Headquartered in the Grosse Building at the corner of 6th and Spring (now SB Tower), the Birdseye View Publishing Company mass-produced this exemplary axonometric rendering of Los Angeles in 1909.
Neither the first nor the most famous of the colloquially styled birdseye landscapes that came into vogue near the turn of the century, this long researched offering from artist Francis Lawrence lends that city a sense of fleshiness absent from sterile fire insurance and real estate maps.
Though this version is not the original colored lithograph complete with detailed index, it does benefit immensely from the first hand knowledge of editor Worthington Gates.
Gates was a high art inclined booster who later appeared as the “Charge d’Affaires” at Blanchard Art Gallery. Touted as the first gallery west of Chicago, FW Blanchard’s salon inducing parlor of art was located across from City Hall at 233 S. Broadway. There Gates sallied forth on voyages through a city grasping towards cosmopolitanism.
As seen here, the supposed sophistication of urban Los Angeles is not without its pitfalls.
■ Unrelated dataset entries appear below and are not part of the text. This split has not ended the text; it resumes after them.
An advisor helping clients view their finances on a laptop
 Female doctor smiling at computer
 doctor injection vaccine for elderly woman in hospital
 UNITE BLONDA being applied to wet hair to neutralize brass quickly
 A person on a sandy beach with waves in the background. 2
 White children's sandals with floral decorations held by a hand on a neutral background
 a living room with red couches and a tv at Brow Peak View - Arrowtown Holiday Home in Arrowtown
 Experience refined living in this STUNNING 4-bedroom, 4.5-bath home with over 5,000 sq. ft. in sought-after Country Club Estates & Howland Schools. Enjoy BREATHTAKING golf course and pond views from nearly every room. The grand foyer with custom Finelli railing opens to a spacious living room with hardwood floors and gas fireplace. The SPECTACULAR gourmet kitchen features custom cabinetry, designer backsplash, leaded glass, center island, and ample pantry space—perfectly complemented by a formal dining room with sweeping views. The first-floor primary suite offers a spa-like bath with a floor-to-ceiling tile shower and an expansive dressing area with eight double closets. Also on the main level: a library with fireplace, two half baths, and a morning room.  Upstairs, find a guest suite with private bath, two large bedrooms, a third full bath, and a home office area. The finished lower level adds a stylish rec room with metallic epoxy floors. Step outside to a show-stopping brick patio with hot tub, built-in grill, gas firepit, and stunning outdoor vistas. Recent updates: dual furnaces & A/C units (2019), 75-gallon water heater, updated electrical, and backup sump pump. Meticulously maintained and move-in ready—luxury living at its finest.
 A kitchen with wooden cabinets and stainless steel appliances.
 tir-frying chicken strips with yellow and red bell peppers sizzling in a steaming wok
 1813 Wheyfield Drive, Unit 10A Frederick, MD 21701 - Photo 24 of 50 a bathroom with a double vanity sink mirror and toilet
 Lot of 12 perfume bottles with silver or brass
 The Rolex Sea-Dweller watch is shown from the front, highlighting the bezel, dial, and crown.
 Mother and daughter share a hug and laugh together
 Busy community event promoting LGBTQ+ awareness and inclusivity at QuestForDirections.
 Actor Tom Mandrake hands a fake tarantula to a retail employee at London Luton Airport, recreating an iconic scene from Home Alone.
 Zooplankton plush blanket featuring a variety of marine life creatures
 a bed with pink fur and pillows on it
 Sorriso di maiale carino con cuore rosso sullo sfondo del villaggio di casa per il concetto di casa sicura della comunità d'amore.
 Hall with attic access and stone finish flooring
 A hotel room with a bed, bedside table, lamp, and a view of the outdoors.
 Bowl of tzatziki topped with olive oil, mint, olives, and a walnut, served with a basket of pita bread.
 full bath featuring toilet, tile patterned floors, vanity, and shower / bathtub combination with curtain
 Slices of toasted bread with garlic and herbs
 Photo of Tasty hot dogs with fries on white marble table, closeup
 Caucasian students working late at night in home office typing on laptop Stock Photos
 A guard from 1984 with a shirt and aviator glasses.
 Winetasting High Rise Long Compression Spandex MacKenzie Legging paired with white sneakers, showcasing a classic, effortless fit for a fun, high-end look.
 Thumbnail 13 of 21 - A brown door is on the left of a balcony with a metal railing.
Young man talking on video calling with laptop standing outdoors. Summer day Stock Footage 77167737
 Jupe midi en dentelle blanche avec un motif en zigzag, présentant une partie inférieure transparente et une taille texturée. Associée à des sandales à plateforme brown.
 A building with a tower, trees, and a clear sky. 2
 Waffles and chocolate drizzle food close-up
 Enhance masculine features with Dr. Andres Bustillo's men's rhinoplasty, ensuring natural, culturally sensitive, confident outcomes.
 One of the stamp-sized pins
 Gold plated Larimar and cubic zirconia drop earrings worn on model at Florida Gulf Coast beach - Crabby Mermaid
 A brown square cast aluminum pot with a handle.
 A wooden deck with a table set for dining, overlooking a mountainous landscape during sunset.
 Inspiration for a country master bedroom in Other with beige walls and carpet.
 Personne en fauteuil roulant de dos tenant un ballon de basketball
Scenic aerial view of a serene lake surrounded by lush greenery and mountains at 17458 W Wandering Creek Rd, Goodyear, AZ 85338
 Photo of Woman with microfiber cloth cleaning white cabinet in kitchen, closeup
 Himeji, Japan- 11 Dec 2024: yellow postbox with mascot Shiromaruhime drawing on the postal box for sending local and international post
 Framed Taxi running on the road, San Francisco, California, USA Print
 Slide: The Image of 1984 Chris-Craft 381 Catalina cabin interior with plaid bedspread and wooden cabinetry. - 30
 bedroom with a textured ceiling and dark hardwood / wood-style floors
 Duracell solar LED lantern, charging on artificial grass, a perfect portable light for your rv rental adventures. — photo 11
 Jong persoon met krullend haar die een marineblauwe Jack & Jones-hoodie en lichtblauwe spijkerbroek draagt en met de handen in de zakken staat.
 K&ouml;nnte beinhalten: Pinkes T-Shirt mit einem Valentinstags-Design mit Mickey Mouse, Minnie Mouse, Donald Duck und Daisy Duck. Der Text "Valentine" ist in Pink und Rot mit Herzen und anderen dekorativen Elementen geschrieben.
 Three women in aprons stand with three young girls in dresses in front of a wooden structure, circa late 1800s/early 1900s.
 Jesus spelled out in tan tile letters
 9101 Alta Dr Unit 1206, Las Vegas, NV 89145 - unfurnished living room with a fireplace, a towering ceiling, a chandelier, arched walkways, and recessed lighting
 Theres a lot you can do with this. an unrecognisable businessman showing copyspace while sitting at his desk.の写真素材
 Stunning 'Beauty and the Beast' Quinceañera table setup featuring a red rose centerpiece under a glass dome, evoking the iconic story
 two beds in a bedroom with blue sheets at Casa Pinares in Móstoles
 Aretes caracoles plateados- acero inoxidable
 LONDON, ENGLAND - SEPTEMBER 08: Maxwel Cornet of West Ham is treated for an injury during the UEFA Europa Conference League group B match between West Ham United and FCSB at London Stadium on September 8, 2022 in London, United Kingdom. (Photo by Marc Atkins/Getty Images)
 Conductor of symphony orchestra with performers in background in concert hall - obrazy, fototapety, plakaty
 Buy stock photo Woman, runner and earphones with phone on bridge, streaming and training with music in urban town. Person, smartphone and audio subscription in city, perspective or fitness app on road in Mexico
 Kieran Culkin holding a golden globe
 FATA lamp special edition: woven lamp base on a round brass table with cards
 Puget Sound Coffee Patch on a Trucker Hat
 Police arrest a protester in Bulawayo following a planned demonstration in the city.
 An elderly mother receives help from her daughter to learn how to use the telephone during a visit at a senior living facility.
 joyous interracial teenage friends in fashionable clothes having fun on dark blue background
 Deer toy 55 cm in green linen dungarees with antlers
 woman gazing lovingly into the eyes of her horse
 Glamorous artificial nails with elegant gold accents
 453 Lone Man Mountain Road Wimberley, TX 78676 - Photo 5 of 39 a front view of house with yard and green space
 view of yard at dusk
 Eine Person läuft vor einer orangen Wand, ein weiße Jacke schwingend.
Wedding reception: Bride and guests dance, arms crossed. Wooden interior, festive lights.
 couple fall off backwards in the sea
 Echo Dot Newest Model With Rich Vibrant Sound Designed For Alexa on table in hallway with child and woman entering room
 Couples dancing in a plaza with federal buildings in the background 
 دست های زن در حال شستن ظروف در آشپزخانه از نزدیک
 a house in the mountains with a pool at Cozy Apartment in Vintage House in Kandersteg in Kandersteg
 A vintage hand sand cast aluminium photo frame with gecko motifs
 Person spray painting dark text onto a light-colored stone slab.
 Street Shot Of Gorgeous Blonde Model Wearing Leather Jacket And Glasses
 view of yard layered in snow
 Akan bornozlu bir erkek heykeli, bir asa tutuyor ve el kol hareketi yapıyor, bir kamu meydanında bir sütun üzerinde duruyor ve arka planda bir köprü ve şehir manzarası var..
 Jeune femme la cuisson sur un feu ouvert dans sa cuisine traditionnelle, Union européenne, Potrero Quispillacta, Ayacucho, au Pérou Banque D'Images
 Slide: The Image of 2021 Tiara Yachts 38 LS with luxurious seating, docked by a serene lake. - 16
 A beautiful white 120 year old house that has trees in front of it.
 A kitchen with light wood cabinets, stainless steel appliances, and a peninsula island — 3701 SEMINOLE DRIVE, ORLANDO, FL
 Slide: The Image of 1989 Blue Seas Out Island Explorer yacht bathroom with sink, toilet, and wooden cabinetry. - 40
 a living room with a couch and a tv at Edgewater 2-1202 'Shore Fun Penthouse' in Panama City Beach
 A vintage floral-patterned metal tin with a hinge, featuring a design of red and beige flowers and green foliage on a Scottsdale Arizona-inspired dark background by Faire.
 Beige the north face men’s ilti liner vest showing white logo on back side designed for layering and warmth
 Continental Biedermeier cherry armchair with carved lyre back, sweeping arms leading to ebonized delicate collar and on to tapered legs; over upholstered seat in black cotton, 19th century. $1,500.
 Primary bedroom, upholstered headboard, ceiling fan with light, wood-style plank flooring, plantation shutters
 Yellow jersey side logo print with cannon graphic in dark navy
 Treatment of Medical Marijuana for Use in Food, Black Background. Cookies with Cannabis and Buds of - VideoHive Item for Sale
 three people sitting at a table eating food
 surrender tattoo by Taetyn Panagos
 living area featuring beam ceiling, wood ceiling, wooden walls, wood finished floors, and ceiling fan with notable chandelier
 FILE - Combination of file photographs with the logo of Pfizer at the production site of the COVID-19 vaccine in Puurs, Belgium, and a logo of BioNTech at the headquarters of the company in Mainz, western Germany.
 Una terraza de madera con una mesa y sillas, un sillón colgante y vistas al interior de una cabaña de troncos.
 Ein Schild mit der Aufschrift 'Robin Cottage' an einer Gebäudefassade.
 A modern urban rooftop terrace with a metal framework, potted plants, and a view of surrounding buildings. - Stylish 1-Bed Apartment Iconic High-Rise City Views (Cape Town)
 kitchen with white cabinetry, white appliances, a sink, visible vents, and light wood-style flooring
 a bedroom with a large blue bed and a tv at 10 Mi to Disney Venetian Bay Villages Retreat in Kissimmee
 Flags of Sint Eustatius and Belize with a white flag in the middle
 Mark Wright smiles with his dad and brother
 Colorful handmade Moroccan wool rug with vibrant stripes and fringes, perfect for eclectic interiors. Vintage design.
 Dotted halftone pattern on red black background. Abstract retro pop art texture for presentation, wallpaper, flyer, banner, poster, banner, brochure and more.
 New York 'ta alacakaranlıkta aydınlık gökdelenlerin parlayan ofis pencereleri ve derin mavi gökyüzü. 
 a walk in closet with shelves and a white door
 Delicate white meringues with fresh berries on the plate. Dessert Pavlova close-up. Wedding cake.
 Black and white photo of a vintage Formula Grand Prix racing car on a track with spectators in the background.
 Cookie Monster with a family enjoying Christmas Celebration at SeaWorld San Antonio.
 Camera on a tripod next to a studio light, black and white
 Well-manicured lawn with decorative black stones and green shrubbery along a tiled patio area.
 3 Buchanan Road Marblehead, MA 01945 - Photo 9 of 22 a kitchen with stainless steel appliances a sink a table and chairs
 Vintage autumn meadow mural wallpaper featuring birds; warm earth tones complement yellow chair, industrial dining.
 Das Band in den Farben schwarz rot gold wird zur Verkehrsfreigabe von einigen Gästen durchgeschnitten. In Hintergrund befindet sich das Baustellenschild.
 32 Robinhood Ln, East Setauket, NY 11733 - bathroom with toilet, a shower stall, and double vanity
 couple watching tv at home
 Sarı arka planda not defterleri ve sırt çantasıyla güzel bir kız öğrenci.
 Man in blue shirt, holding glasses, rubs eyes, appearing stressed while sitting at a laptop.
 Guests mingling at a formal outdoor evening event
Unveiled racism appears at the site of the future Union Station where Chinatown is labeled “Chink Town.”
Above it, the famed Llewellyn Iron Works hints towards the mixed bounty of industrialism. Here the city built itself while simultaneously exacerbating common social fault lines carved around unionization and the battle for closed shops that would eventually culminate in the bombing of the LA Times in 1910.
Beyond the rail lines and the bank buildings sprouting upwards in today’s historic core, you’ll find Fiesta Park—one of the city’s first dedicated sports venues where USC athletics found its first home.